Next, we define the attenuation funtion ($g_1\left(d_k\right)$) and the aspect dependence ($g_2({\alpha }_k,\phi )$). Assuming free-space attenuation, we have [19]

$$\begin{array}{c}\hfill g_1\left(d_k\right)={\left(d_k\right)}^{-\beta },\end{array}$$

(6)

where $\beta =1$ corresponds to cylindrical spreading, $\beta =2$ is spherical spreading, and sometimes, larger values of $\beta$ are used to model loss due to shadowing, e.g., $\beta =3.5$. In this work, we set $\beta =1$, and the corresponding development can be easily extended to other types of attenuation.

On the other hand, the aspect dependent reflection gain is modeled by the following Butterworth filter [18,19,20]:

$$\begin{array}{c}\hfill g_2({\alpha }_k,\phi )=\frac{1}{1+{\left(\frac{{\alpha }_k-\phi }{\mathsf{\Phi }}\right)}^{2\mathsf{\Omega }}},\end{array}$$

(7)

where $\mathsf{\Omega }$ denotes the filter order, and $2\mathsf{\Phi }$ is the 3 dB bandwidth.
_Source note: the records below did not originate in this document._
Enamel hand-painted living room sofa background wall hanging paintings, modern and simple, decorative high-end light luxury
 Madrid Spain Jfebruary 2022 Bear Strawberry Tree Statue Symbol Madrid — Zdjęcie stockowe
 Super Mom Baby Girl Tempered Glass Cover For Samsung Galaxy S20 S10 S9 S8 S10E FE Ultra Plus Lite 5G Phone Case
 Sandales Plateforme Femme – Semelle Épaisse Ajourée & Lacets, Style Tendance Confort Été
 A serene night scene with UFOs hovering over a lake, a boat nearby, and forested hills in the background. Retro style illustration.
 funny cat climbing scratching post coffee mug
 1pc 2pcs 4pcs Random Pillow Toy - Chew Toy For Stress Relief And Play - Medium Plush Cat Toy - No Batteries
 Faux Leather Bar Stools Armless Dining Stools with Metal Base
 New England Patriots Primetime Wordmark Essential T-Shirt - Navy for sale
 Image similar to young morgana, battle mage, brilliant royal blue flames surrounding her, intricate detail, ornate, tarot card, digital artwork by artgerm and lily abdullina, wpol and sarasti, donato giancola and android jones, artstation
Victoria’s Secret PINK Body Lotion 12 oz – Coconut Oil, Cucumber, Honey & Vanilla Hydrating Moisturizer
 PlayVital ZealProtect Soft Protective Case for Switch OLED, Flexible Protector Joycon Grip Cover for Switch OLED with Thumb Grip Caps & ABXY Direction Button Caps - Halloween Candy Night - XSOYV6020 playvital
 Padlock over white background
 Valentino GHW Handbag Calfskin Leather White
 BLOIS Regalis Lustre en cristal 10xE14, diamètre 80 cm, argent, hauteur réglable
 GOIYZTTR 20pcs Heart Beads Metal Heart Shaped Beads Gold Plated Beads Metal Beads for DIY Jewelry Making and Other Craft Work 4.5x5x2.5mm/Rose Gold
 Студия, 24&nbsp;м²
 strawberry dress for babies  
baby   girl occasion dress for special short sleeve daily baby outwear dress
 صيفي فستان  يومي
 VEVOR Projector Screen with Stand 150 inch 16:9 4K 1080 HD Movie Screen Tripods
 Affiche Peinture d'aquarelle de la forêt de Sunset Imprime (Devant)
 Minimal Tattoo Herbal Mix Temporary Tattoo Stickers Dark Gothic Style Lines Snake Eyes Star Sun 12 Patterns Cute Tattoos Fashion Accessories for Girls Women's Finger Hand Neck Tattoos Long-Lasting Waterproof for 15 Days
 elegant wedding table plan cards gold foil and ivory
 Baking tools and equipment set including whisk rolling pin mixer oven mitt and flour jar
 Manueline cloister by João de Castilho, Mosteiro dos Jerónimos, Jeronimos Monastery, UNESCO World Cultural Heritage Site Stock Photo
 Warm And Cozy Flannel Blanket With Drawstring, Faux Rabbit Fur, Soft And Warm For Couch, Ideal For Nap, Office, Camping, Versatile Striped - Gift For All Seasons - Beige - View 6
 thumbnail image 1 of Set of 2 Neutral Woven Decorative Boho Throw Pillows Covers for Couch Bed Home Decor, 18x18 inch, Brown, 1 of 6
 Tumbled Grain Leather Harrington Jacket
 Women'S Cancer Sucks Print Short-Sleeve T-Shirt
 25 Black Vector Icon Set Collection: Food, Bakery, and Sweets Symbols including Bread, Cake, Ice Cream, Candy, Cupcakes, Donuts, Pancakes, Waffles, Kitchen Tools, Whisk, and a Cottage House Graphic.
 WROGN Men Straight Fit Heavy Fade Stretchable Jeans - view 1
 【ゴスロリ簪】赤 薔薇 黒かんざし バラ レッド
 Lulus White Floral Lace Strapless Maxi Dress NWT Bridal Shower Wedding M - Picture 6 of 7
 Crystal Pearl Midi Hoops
Although the exact function ($g_2(·)$) might be different from (7) under specific circumstances, the following analysis can be similarly performed for other aspect dependent reflection models as long as its closed-form expression is available.

In the following analysis, we assume perfect knowledge of the model parameters ${\sigma }^2,C_0,\mathsf{\Phi }$ and $\mathsf{\Omega }$. In practice, these values could be estimated based on training data. In addition, sensor positions are assumed to be known to the FC, since they can be estimated periodically during network maintenance (see, e.g., refs. [22,23], and references therein). However, under hypothesis ${\mathcal{H}}_1$, the target’s position ($(x,y)$) and the principal reflection angle ($\phi$) remain unknown.

2.2. Data Transmission and Global Decision Making

After making observations, the sensors send their local information to the FC which makes a final decision on whether the target exists or not. To meet the stringent energy and bandwidth constraints in WSNs, sensor measurements are usually quantized into few-bit data individually before transmission. The design of a quantizer is one of the focuses of this work.

At the FC, a composite binary hypothesis testing problem is addressed due to the unknown target parameters. GLRT solutions, which achieve target detection and localization simultaneously, are also of interest here.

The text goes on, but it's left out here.